Friday, September 19, 2025

From 'The Origins of Totalitarianism' (Arendt)

We sometimes, rather strangely perhaps, talk of ‘my body’ or of ‘our bodies.’ I suggest that this is strange because we are bodies. We and our bodies are a unity. To talk in that way implies some sort of separation or distancing when there is none. In this way of speaking, the mind seems to be looking from a vantage point elsewhere, a place that is not part of its body or part of its physical self.

Hannah Arendt (1906-1975), in The Origins of Totalitarianism, spoke of how totalitarianism splits one’s name from one’s body. She suggests that once you are just a body, you become superfluous as a person. Your body is an object separated from yourself as a person. It is just another body without its unique personality or identity.

This was something also found addressed by Aristotle (384–322 BC) and by Arendt’s mentor/lover Martin Heidegger (1889-1976). These thinkers considered there to be two aspects to human life:

  • the animal/physical or bios, and
  • the social/political/legal life of the named (identified) person

Both coincide; present at the same time. This must be recognised. To address one without the other, even inadvertently, is to fall into a totalitarian sort of mindset. This may not be intentional, but the effects can nevertheless be stark. On one level it can lead to philosophical error and flawed reasoning. But there is another practical area for concern.

The medical profession used to be heavily criticised for its attitude to patients whom it was genuinely trying to help. Focused upon cure via the treatment of causal lesions, the person who had the lesion was often forgotten. I once even heard a nurse refer quite loudly, and in the hearing of other staff and patients, to the ‘torticolis in cubical three’. Thus, patients felt somewhat like objects. In those days they were reluctant to complain. They felt powerless. In the UK, things have changed. (I sometimes think that now people complain unduly.) Complaints are more likely to be about how ‘I’ was treated rather than how ‘my body’ was treated.

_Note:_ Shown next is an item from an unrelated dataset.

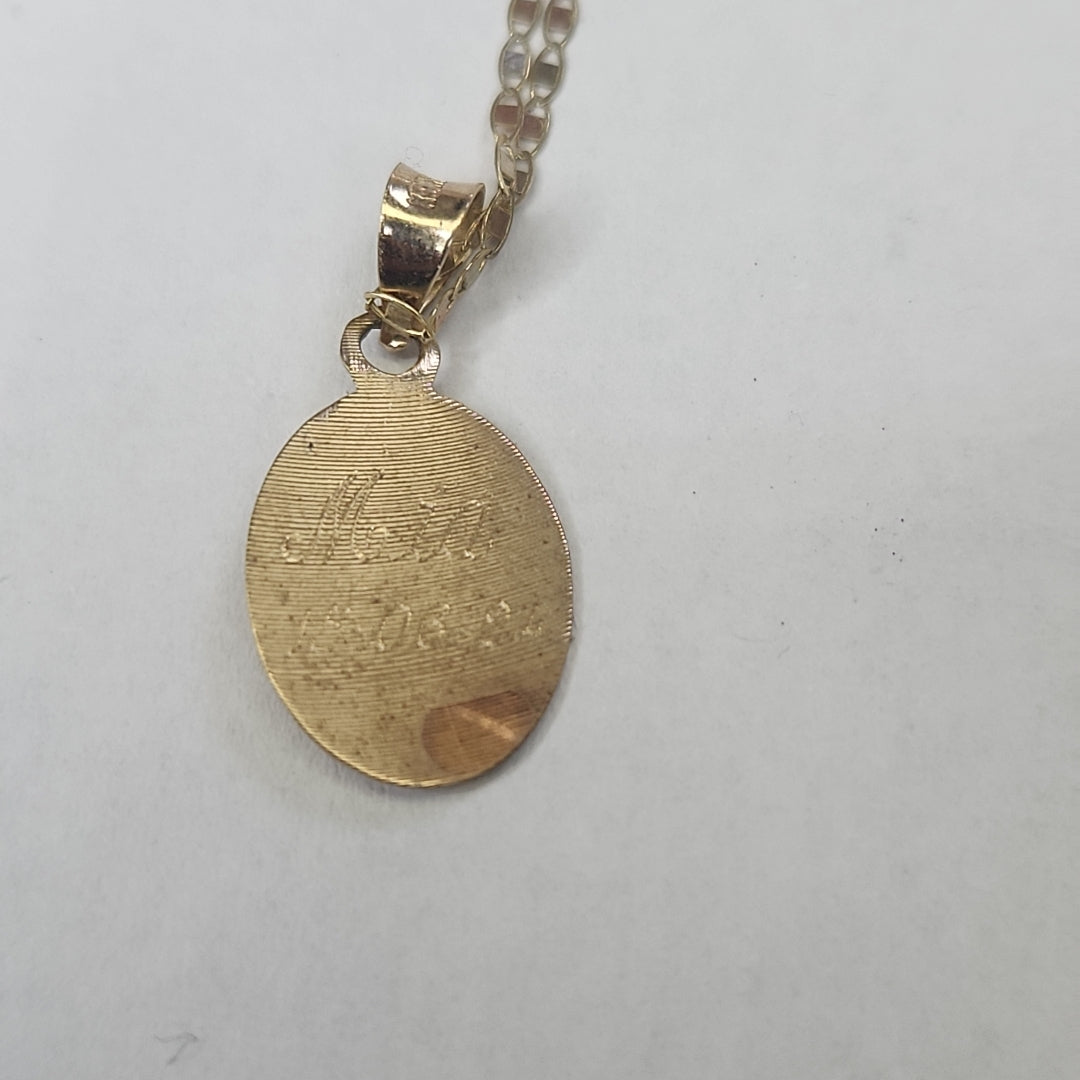 CADENA, MEDALLA RELIGIOSA. ORO COMBINADO. 10 K 1.5 GRMS (SEMINUEVO)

Considering our various faculties, we say ‘I see’, ‘I hear’, etc. It is always 'I'. It is not ‘my eye sees’, ‘my ear hears’, etc. We see as if through one 'cyclopean' (singular) eye situated between our two eyes and yet rely on binocular vision to help us locate things in space. We hear in stereo – especially through headphones, again helping us locate things in space. But this time there does not seem to be a single point of hearing midway between the two ears.

We also think as if we had one mind, and yet different parts of the brain perform different tasks. Our faculties are not equally distributed throughout the brain in which they appear to reside. The brain is not a homogeneous entity. It is an anatomical composite of numerous nuclei and neural pathways. There is no obvious place where ‘I’ reside.

In the past, other parts of the body were considered to be the seats of various emotions. The obvious is the association of the heart with love. This association lingers. But from a knowledge of Shakespeare, the liver, spleen, and gall bladder immediately spring to mind as having different human qualities associated with them.

Now, all these qualities have retreated into the multiplicity that is the brain. What are we to make of such a thing as the brain the first time we dissect, knowing that all aspects of a person were once located there?